▸ Dataset section
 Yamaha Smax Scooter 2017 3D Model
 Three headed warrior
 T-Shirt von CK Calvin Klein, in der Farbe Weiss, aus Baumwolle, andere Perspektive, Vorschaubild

▸ What you have to do
Retype the material above, character for character.

▸ Completed exercise
 Yamaha Smax Scooter 2017 3D Model
 Three headed warrior
 T-Shirt von CK Calvin Klein, in der Farbe Weiss, aus Baumwolle, andere Perspektive, Vorschaubild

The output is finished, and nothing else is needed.